AVS 53rd International Symposium
    Thin Film Friday Sessions
       Session TF+EM-FrM

Invited Paper TF+EM-FrM6
In-Situ Studies of Stress Evolution during the Heteroepitaxial Growth of Group III-Nitrides

Friday, November 17, 2006, 9:40 am, Room 2022

Session: In-Situ/Ex-Situ & Real-Time Monitoring and Characterization
Presenter: J.M. Redwing, Penn State University
Authors: J.M. Redwing, Penn State University
S. Raghavan, Penn State University
X. Weng, Penn State University
J.D. Acord, Penn State University
E.C. Dickey, Penn State University
Correspondent: Click to Email
The group III-nitrides (GaN, AlN, InN and related alloys) are an important class of III-V semiconductors that form the basis for commercial high brightness blue/green light emitting diodes, laser diodes and high power microwave electronics for military and communication applications.
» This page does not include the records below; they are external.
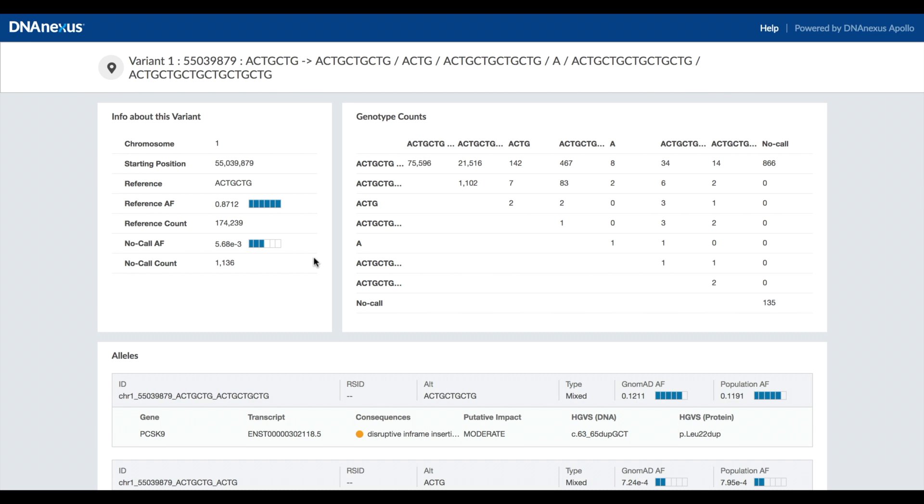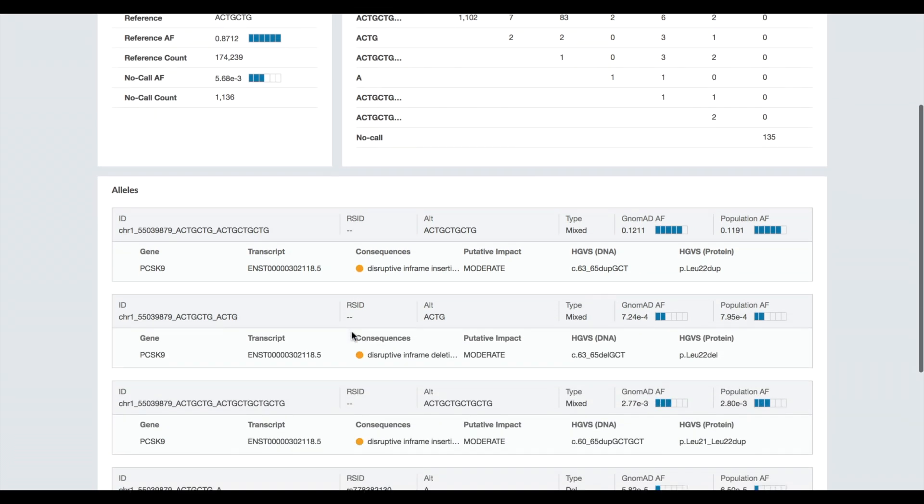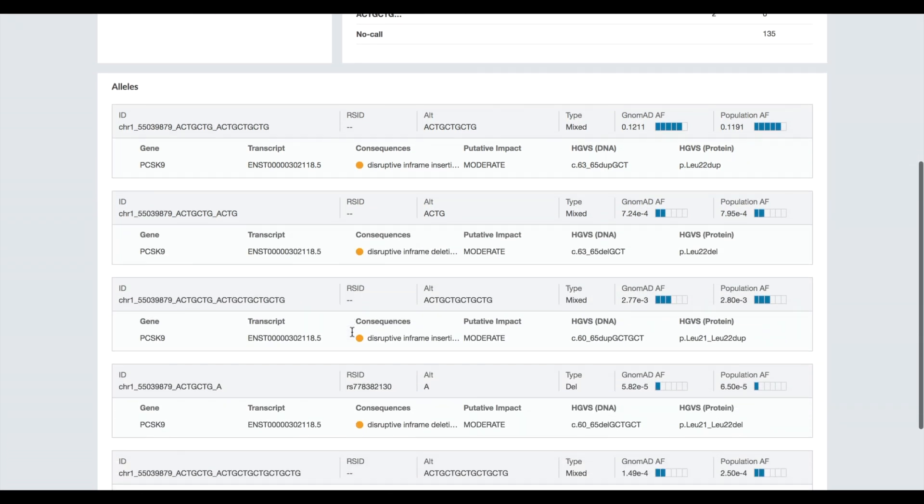This page aggregates the information for all of the alleles that are present at this locus. Then we see the counts for each possible pairing of the alleles at this locus in the full cohort. And finally detailed information about each transcript at this locus.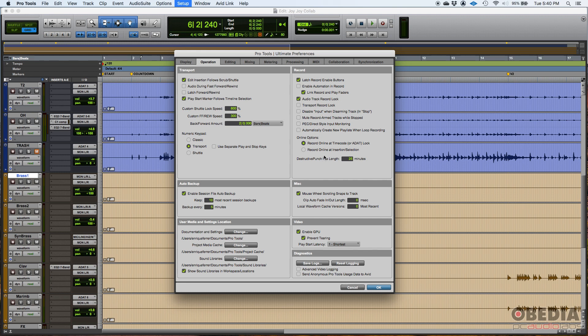In miscellaneous, mouse wheel scrolling snaps to track — I like that on since I use my mouse wheel a lot. You can also set an auto fade in and out length for your clips. Right now it's set to zero, but you might set it to five or ten milliseconds. I typically don't do it because I like to create my own fades, but it's very helpful when punching in.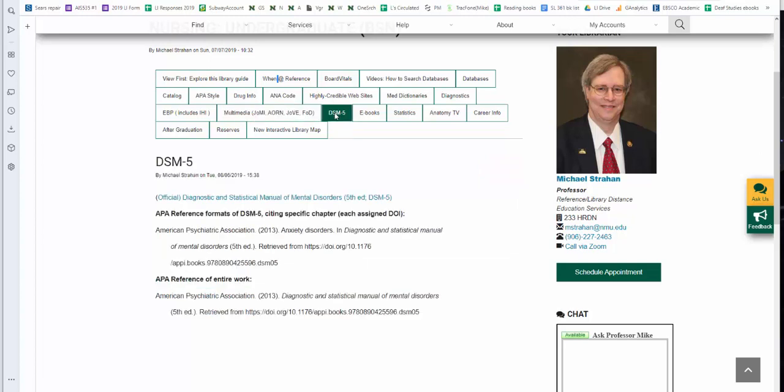DSM-5, Diagnostic and Statistical Manual of Mental Disorders, 5th edition. We have the official online subscription to this resource. We also provide you with two different reference examples. One, how to reference a specific section, specific chapter. Each chapter is assigned its own DOI. We also have how to reference the entire work. Like I said, this is APA style, current edition.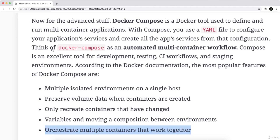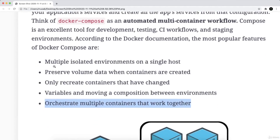Think of docker-compose as an automated multi-container workflow. Compose is an excellent tool for development, testing, CI workflows, and staging environments. According to Docker documentation, the most popular features of docker-compose are as follows.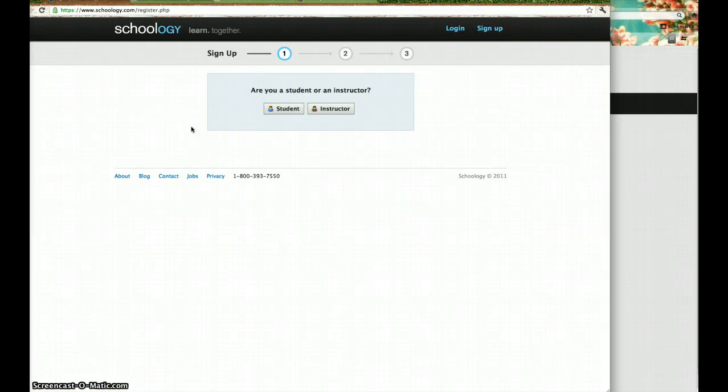And it's going to ask you, student or instructor, you will sign in as an instructor.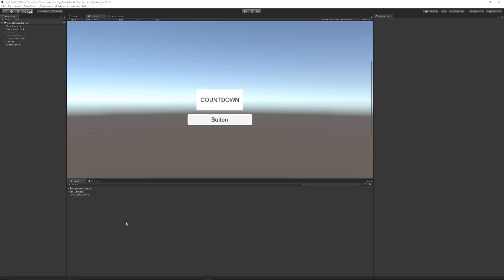Hey guys, welcome to another Unity 5 tutorial. Today I'm going to show you how to create a simple countdown timer within Unity. I did show this in the past but it wasn't the best optimized way and you got a lot of calls in the update function, so I'm going over this for people who might be new or want to learn how to make it nicely optimized and ready to use.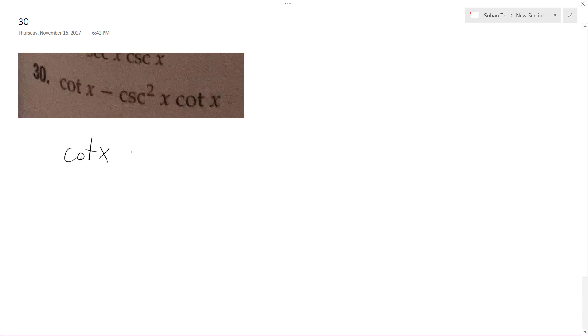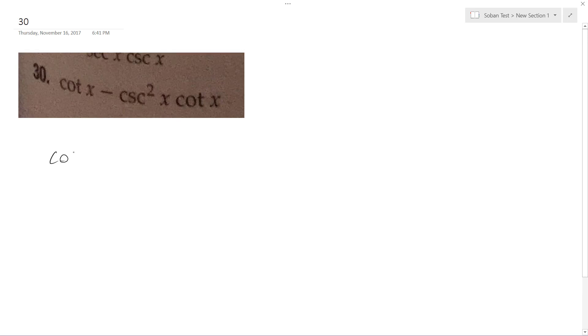So cotangent x minus... I'm going to break these down into simpler components. This is equal to cosine x over sine x, and this is equal to one over sine squared x times cosine x over sine x.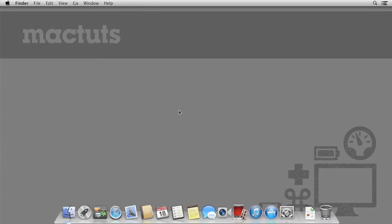Hey everyone and welcome to MacTuts+. Today I'm going to be showing you how to use some of the more advanced features of Automator.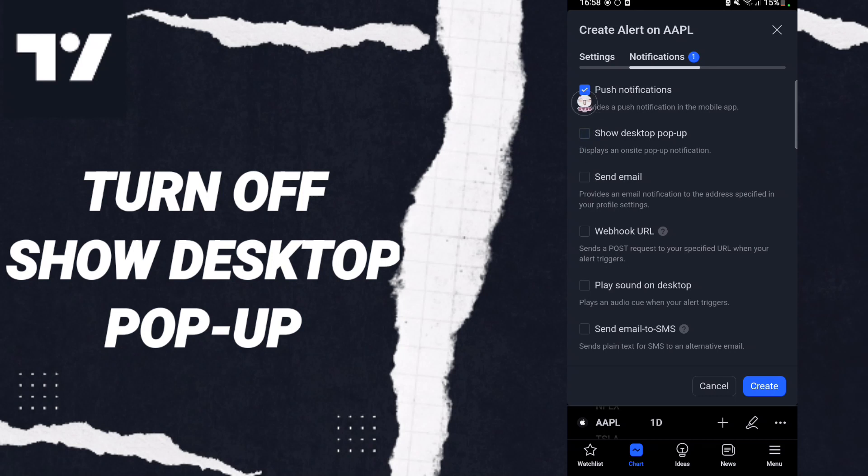If the sign change, then you can know how to turn off show desktop pop-up on the application of TradingView.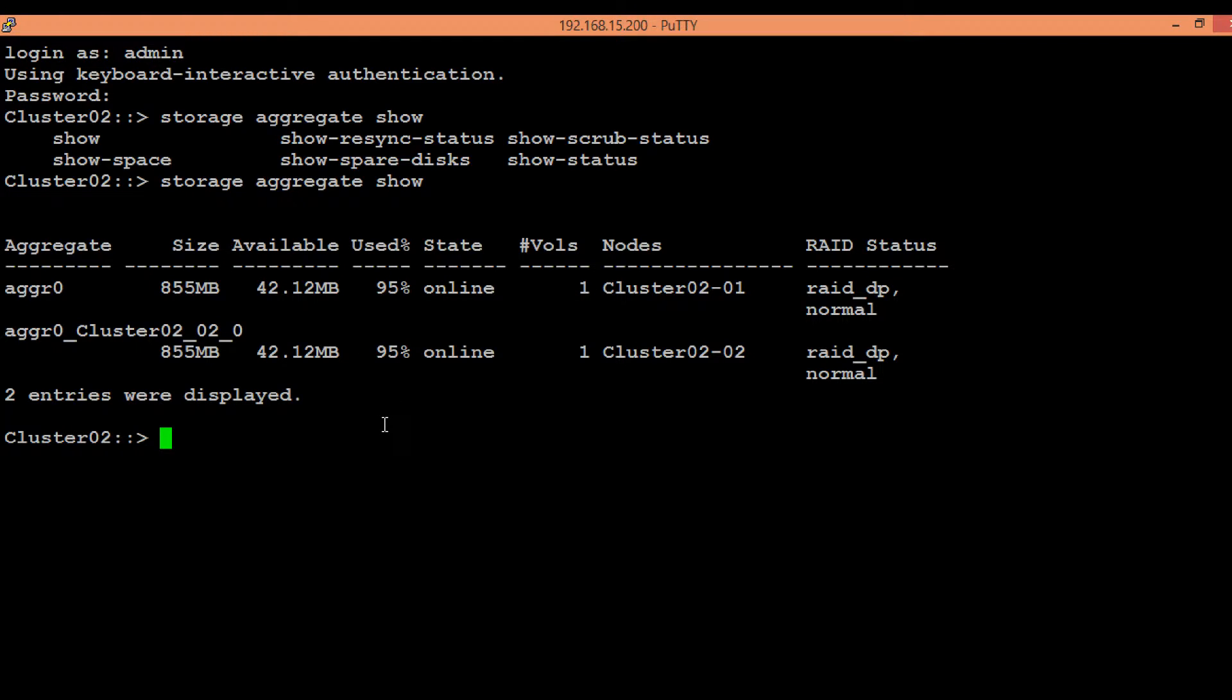So today we will be going to create a data aggregate. First of all we need to know what are the available disks to create an aggregate. All spare disks present in the node are eligible for aggregate creation.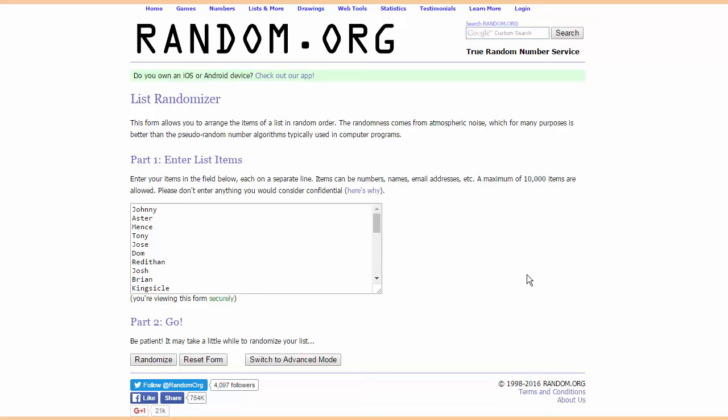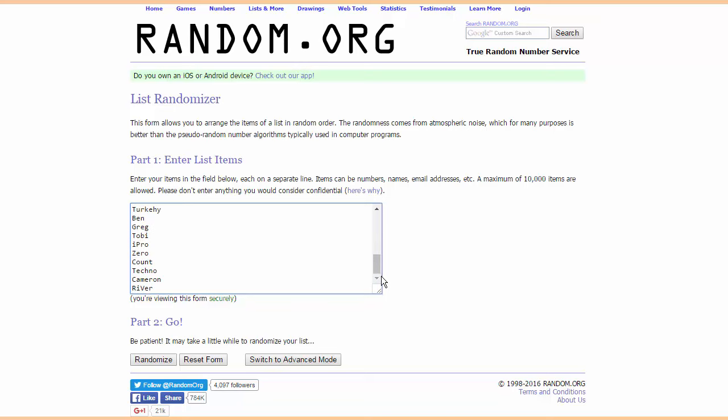I have the list in front of me here of all 32 players that are involved in the tournament, and we're going to be randomizing this.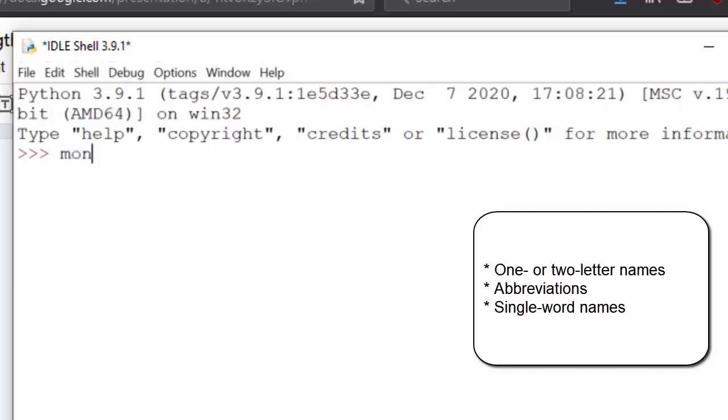Like MON. Now MON could stand for monitor or month or monster, any number of words. So this variable name is too short. Go ahead and write out the full word.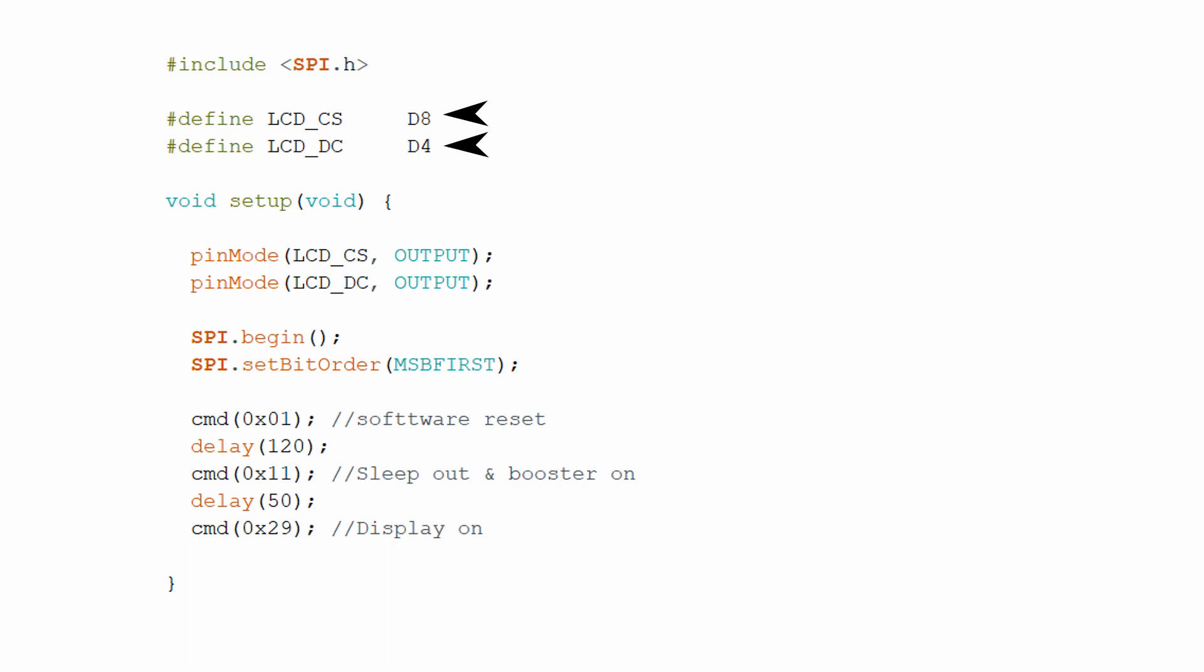In the setup function, we have set up those pin as output. Then we have initialized the SPI hardware with SPI.begin command. This command makes the MOSI pin output, MISO pin input and SCK pin output.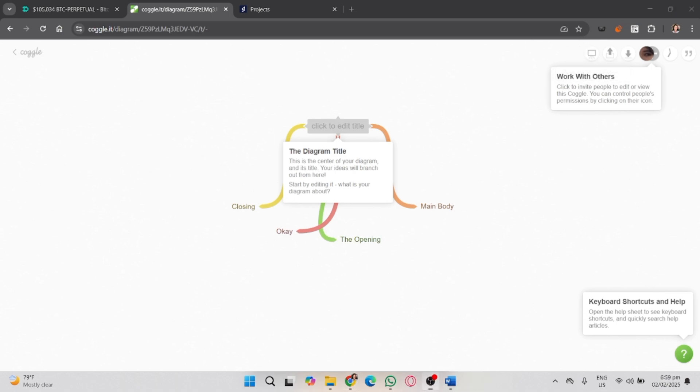If you want to collaborate on a mind map with others, click the share button at the top right corner. You can share the diagram with others via email or generate a shareable link. You can also choose whether people can just view or also edit your mind map.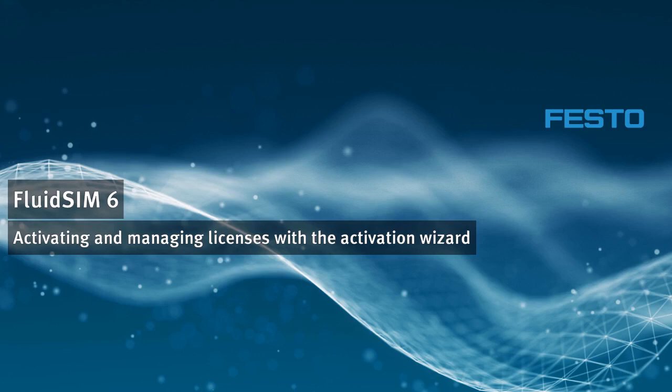Welcome to the FluidSIM video tutorials. In this video we will show you how to use the license activation wizard to activate a license in a local machine or in a license server on the local network.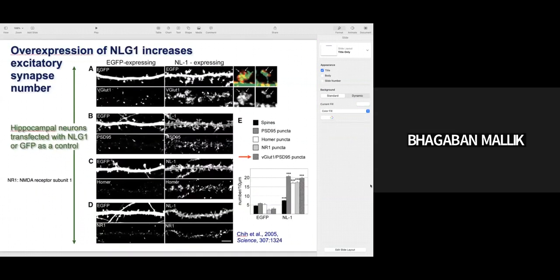Again, they overexpressed neuroligin 1 in hippocampal neurons transfected with neuroligin 1-GFP or GFP as control, and found that when neuroligin 1 is overexpressed in hippocampal culture there is more formation of synapses. They labeled with VGluT — vesicular glutamate transporter — which helps in packaging glutamate into synaptic vesicles.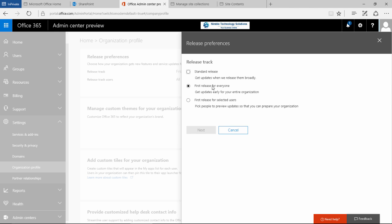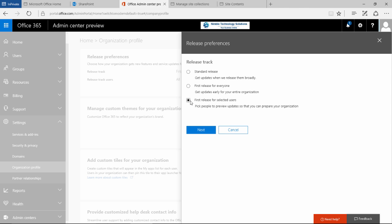You can have first release for everybody, which rolls out updates as soon as they're ready throughout your organization. Or there's first release for selected users, where you pick people to preview updates to prepare your organization. This is probably the most preferred option in most organizations, allowing you to manage releases to your organization and audience.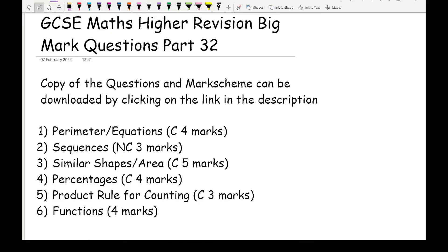Before we get started I strongly recommend that you have an attempt at these questions just to see what your prior knowledge is. If you're looking at these topics and having no clue what they are, then before attempting these questions I would strongly recommend reviewing and revising these topics. I'll also include my contents page link which will go through each of these particular topics in a lot more detail if you are unsure about how to get started.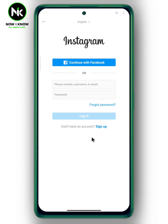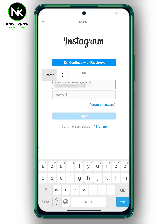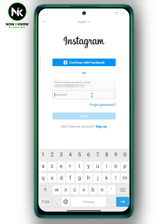Once you tap on it, this page will appear, so log in to your Instagram account by entering your phone number, username, or email. I'm gonna enter my email, then my password, and tap on Login.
Due to difficulties associated with the bulk crystal growth of GaN, group-III nitride thin films are grown heteroepitaxially on substrates such as sapphire, silicon carbide and silicon. These substrates have significantly different lattice constants and coefficients of thermal expansion than GaN, which can result in thin film stress, dislocation formation and film cracking. In addition to the epitaxial and thermal mismatch stresses, which are well known, growth-related stresses due to developing film morphology also play an important role, but are not as well understood for the GaN materials system. In this study, we have utilized in-situ wafer curvature measurements to study the magnitude and evolution of growth stress during the metalorganic chemical vapor deposition of group III-nitride thin films. Specific examples will be presented including the case of GaN growth on silicon and AlGaN growth on silicon carbide. By combining the in-situ measurements with post-growth atomic force microscopy and cross-sectional transmission electron microscopy, we correlate the growth stress to microstructural changes in the film arising from island coalescence and dislocation bending and demonstrate that dislocation density reduction in AlGaN films primarily occurs when the film is growing under a compressive stress. Methods to mitigate stress and reduce film cracking including the use of compositionally graded buffer layers will also be discussed.